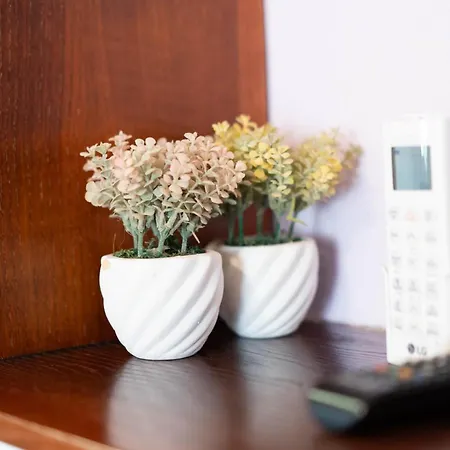 Rita E Renzo 3* Riola Sardo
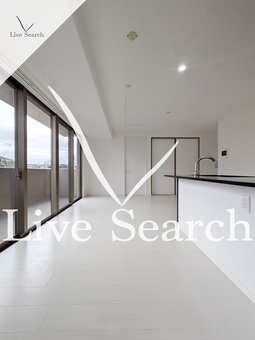 KDXレジデンスレジデンス平尾浄水町 308 【福岡県薬院大通駅】 の画像3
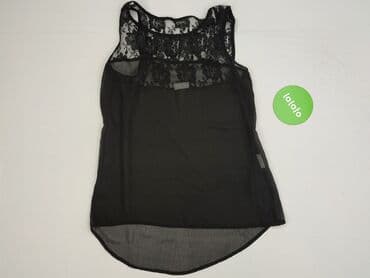 only kurtka damska: ONLY, Bluzka damska, rozmiar XS — 2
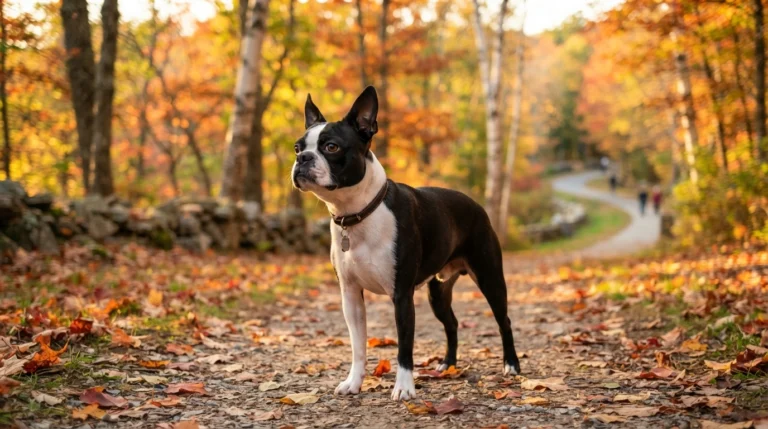 Chihuahua Guide: Temperament, Weight & Heart Health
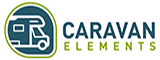 caravan-elements.de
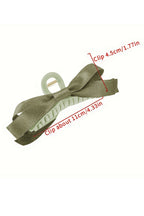 824621aa89797bef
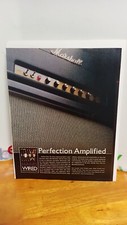 Marshall plexi guitar for sale  Berlin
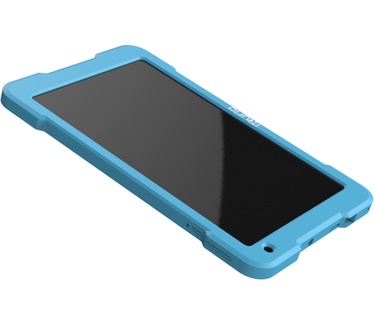 Kurio Tab Pro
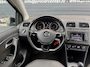 Volkswagen Polo 1.2 TSI Highline Climate | Cruise | Stoelver | V-A Pdc | El.ramen | Lmv | Apk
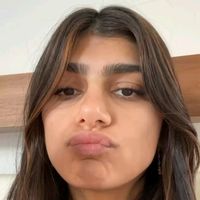 certified__davyna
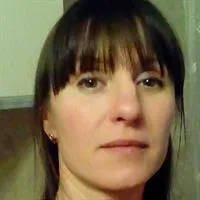 Фотография репетитора Маерова Галина Петровна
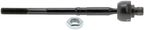 Mevotech GS90710 Steering Tie Rod End - Front Inner - view 4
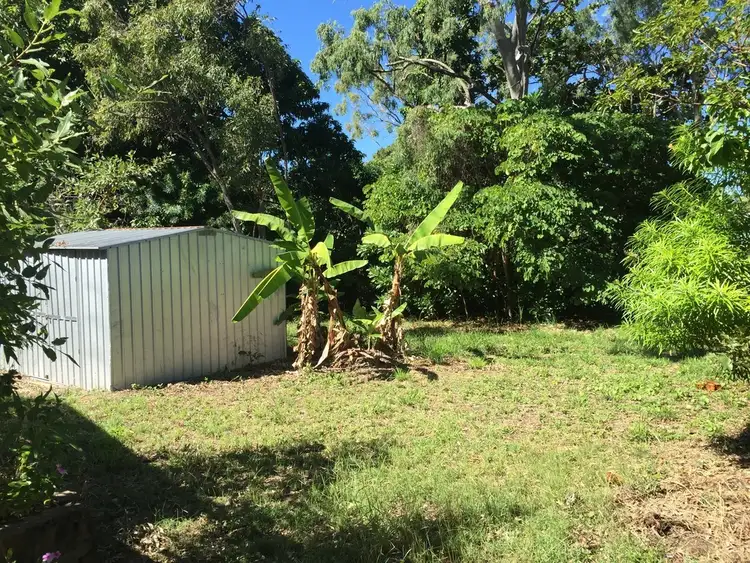 Third view of Homely house listing, 5 Wansfell Street, Picnic Bay QLD 4819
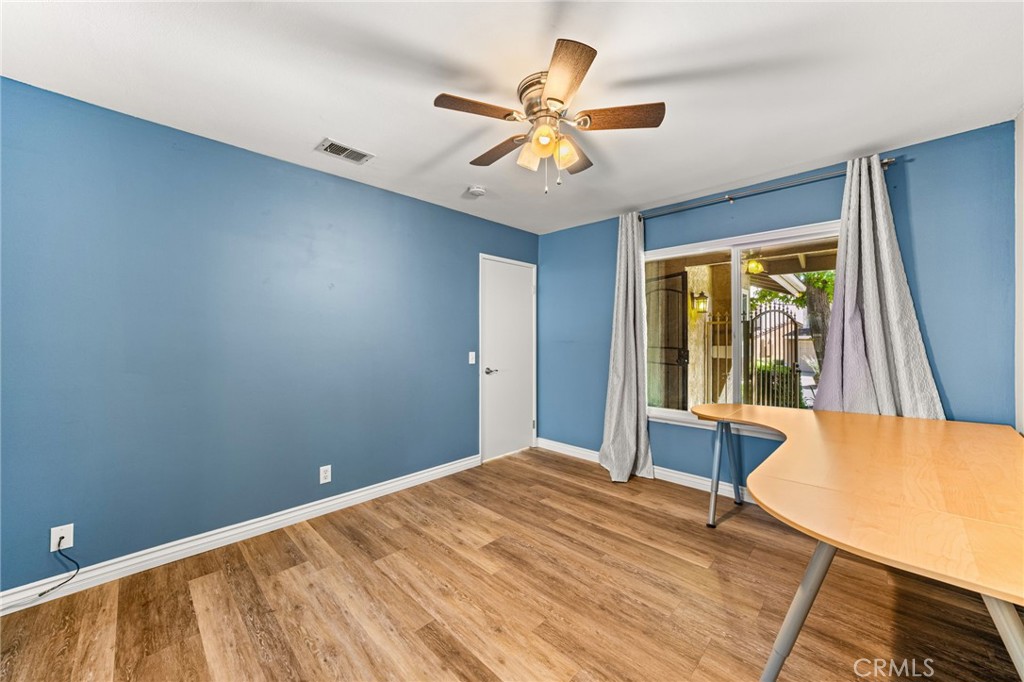 8412 Autumn Leaf Drive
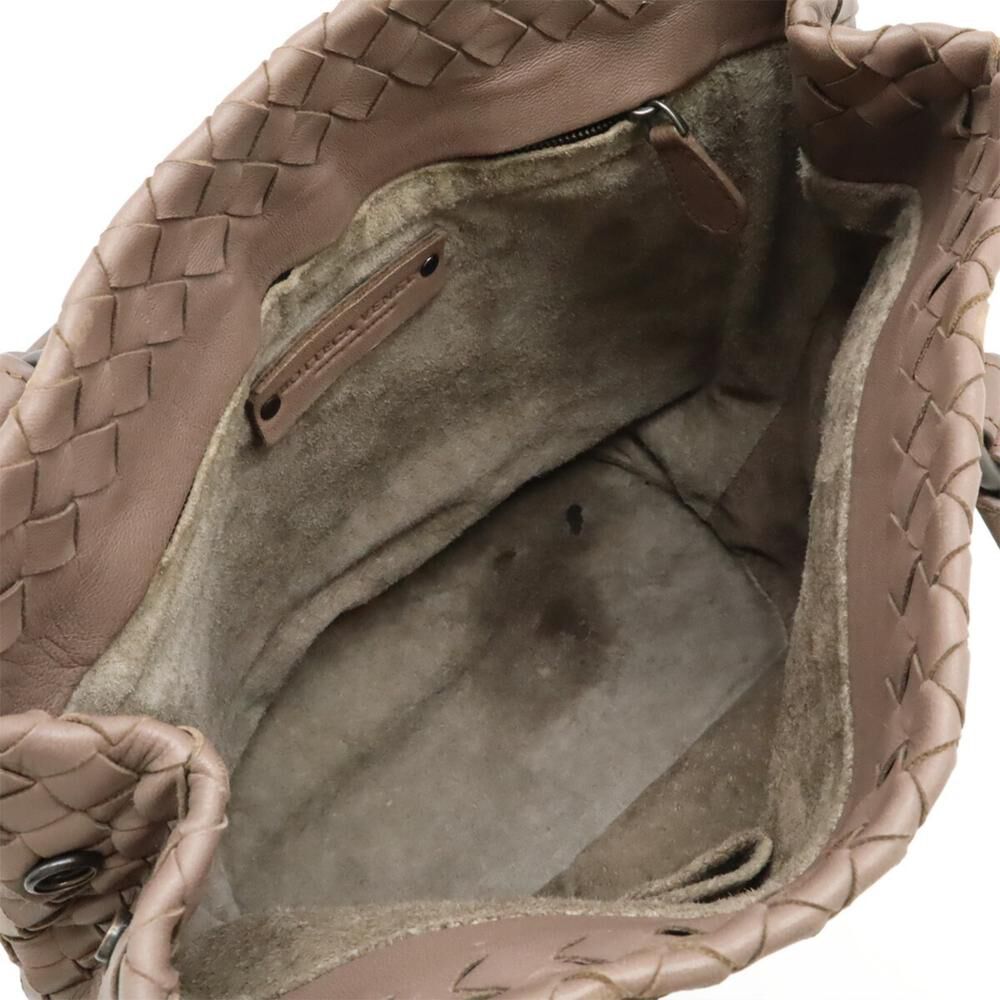 Bottega Veneta Tote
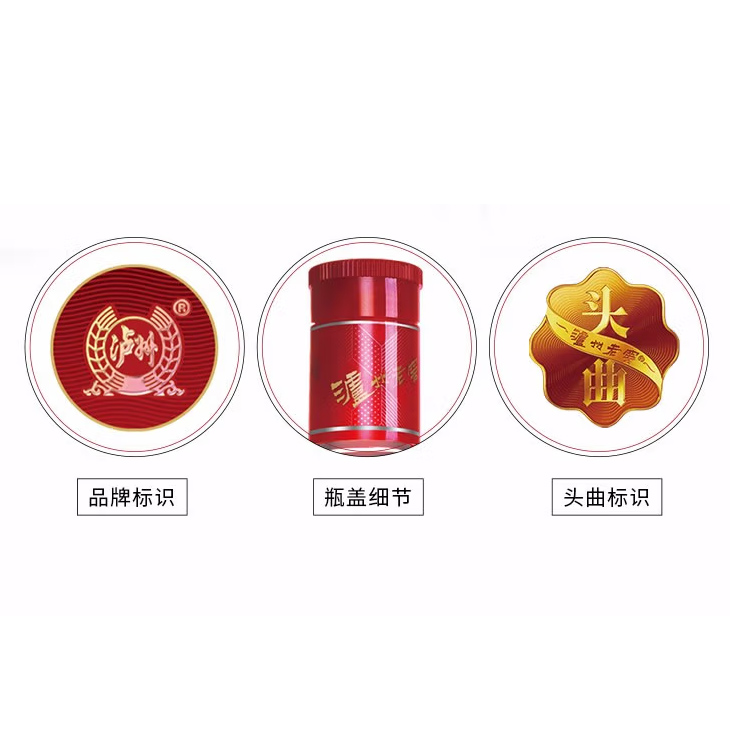 J9国际集团(中国)-官方网站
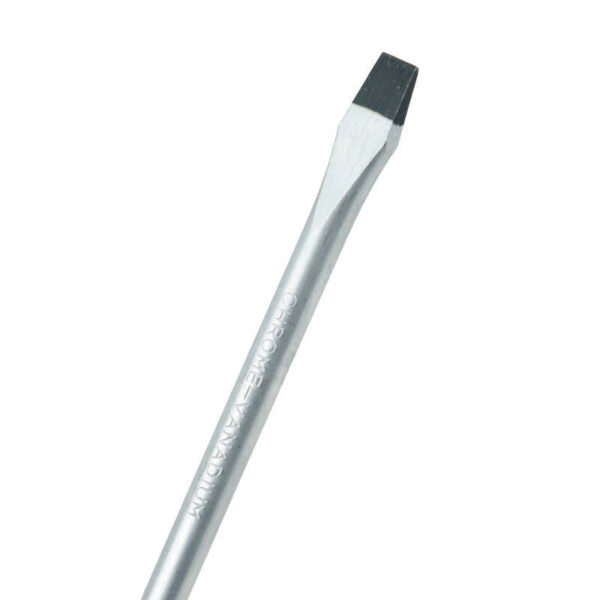 پیچ گوشتی 100 × 6 دو سو رونیکس RH-2764 - Image 2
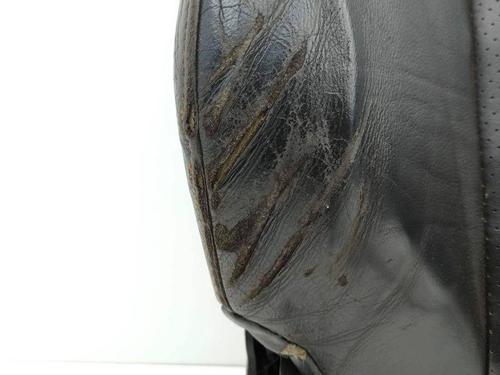 Right front seat NISSAN 350Z Coupe (Z33) 3.5 (AAZ33) | BP28882273C16 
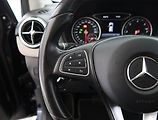 Mercedes-Benz Třídy B (2017) B 180 CDI, Automat, Serv.kniha - náhled 16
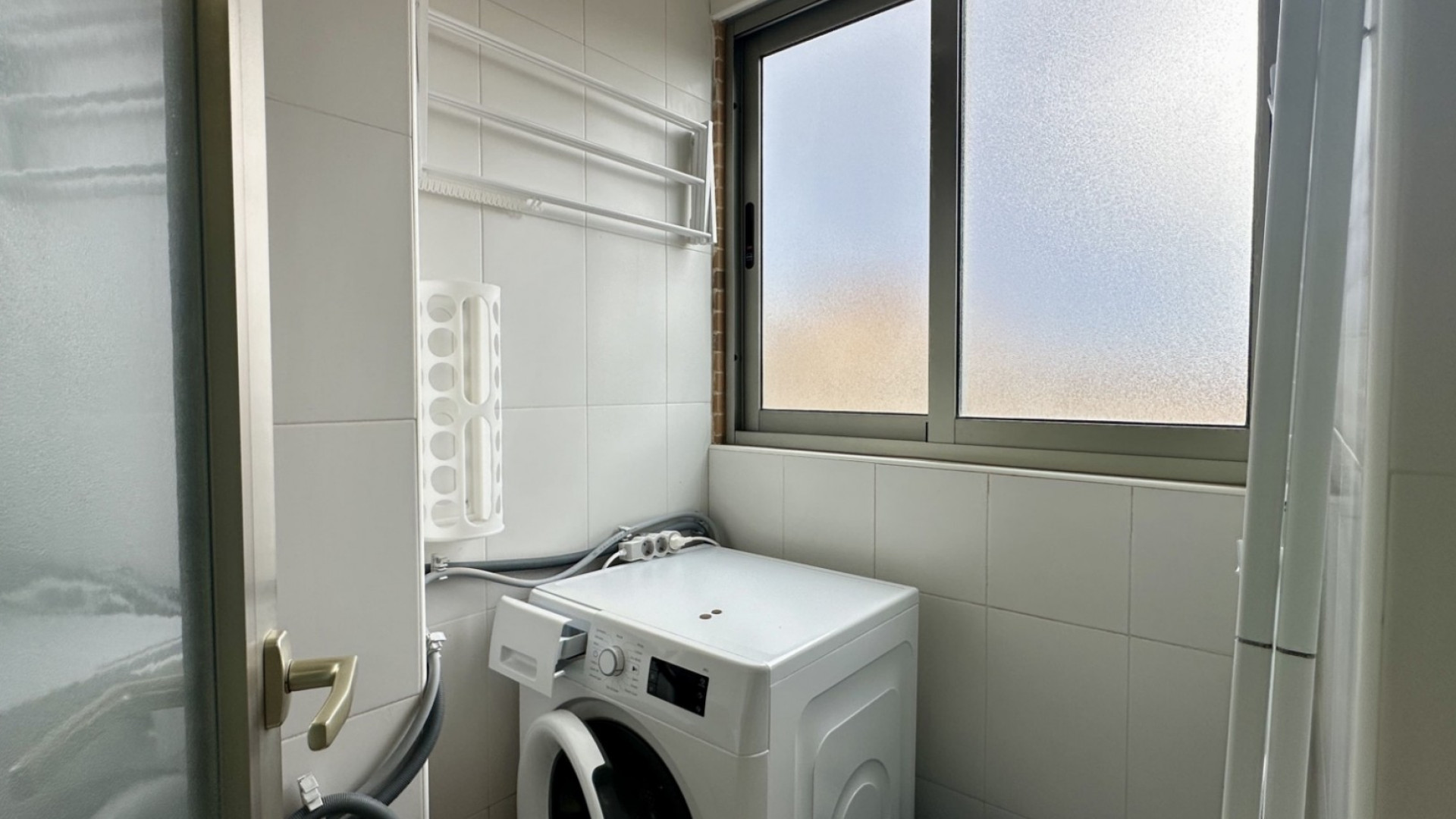 Resale - Apartment - San Miguel de Salinas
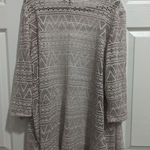 New Direction New Directions cardigan Photo 2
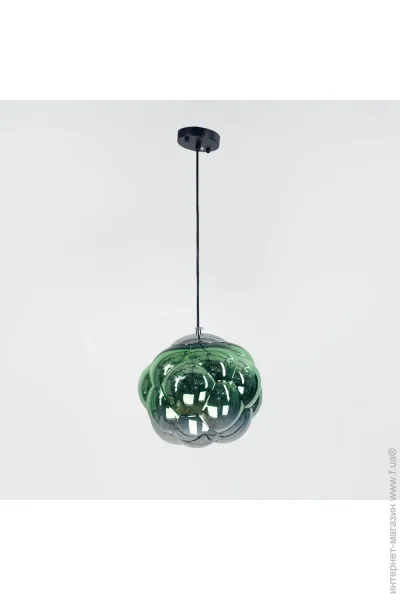  ϳ        | . 0619/1 Green | Line F (3835_7189)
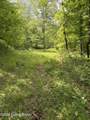 1012 Hardin Mill Mattingly Rd - Photo 40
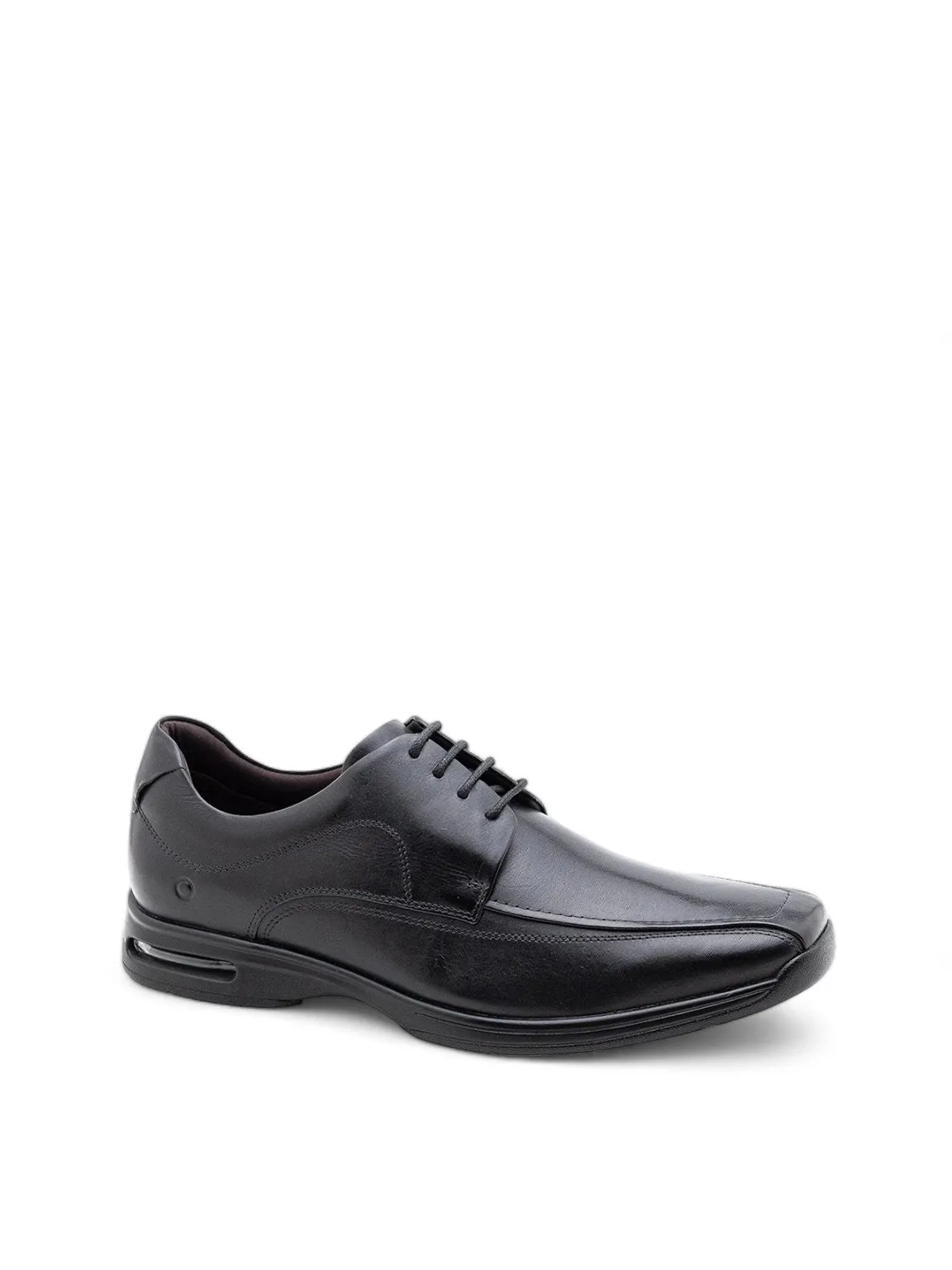 Smart Comfort Air Sport Derby Shoes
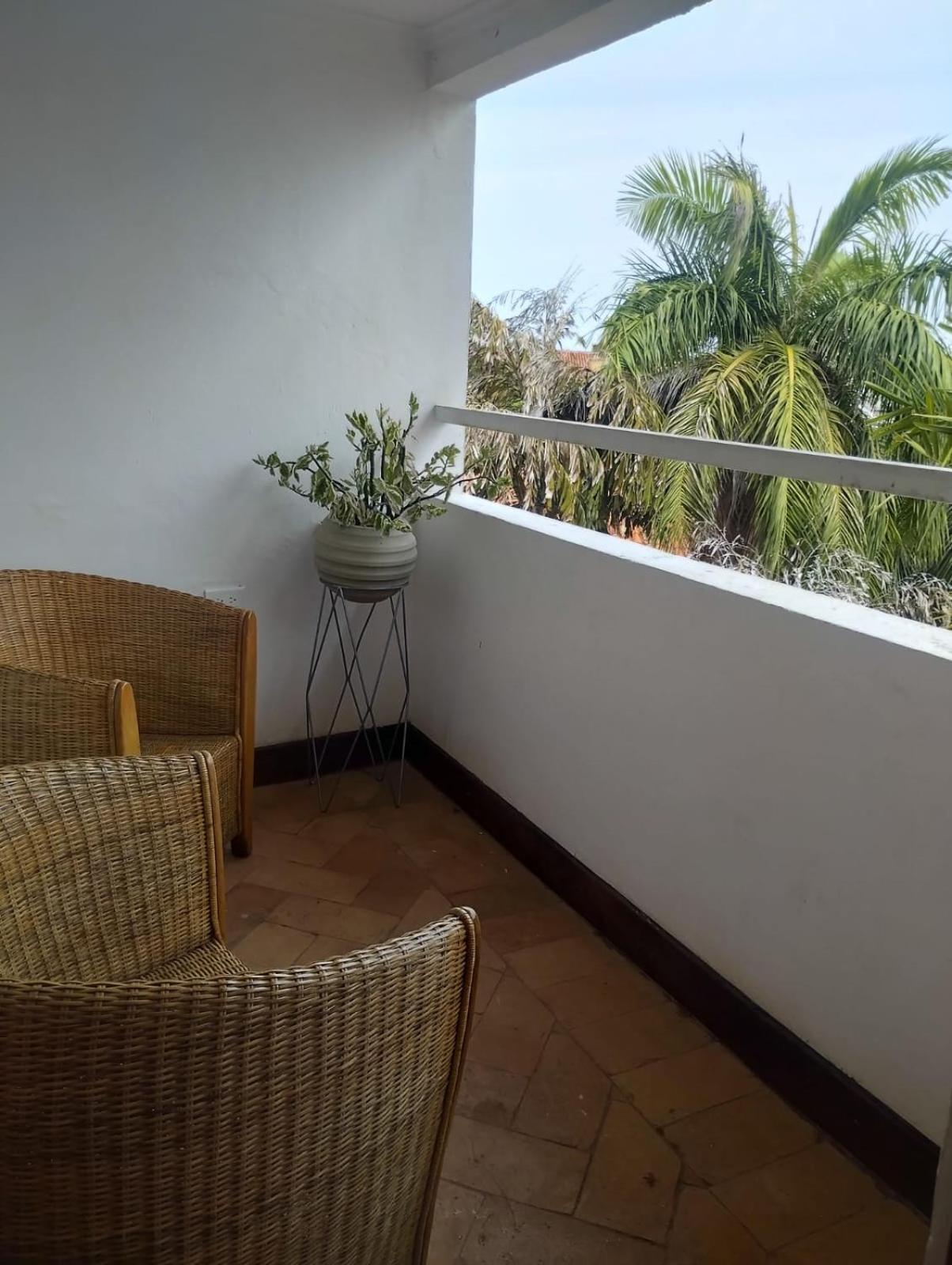 Hotel Boutique Casa Córdoba Estrella Cartagena Exterior foto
= = = =
→ Task instructions: Repeat the listing in full and to the letter, excluding every image.

→ Reply to the exercise:
 Rita E Renzo 3* Riola Sardo
 KDXレジデンスレジデンス平尾浄水町 308 【福岡県薬院大通駅】 の画像3
 only kurtka damska: ONLY, Bluzka damska, rozmiar XS — 2
 Chihuahua Guide: Temperament, Weight & Heart Health
 caravan-elements.de
 824621aa89797bef
 Marshall plexi guitar for sale  Berlin
 Kurio Tab Pro
 Volkswagen Polo 1.2 TSI Highline Climate | Cruise | Stoelver | V-A Pdc | El.ramen | Lmv | Apk
 certified__davyna
 Фотография репетитора Маерова Галина Петровна
 Mevotech GS90710 Steering Tie Rod End - Front Inner - view 4
 Third view of Homely house listing, 5 Wansfell Street, Picnic Bay QLD 4819
 8412 Autumn Leaf Drive
 Bottega Veneta Tote
 J9国际集团(中国)-官方网站
 پیچ گوشتی 100 × 6 دو سو رونیکس RH-2764 - Image 2
 Right front seat NISSAN 350Z Coupe (Z33) 3.5 (AAZ33) | BP28882273C16 
 Mercedes-Benz Třídy B (2017) B 180 CDI, Automat, Serv.kniha - náhled 16
 Resale - Apartment - San Miguel de Salinas
 New Direction New Directions cardigan Photo 2
  ϳ        | . 0619/1 Green | Line F (3835_7189)
 1012 Hardin Mill Mattingly Rd - Photo 40
 Smart Comfort Air Sport Derby Shoes
 Hotel Boutique Casa Córdoba Estrella Cartagena Exterior foto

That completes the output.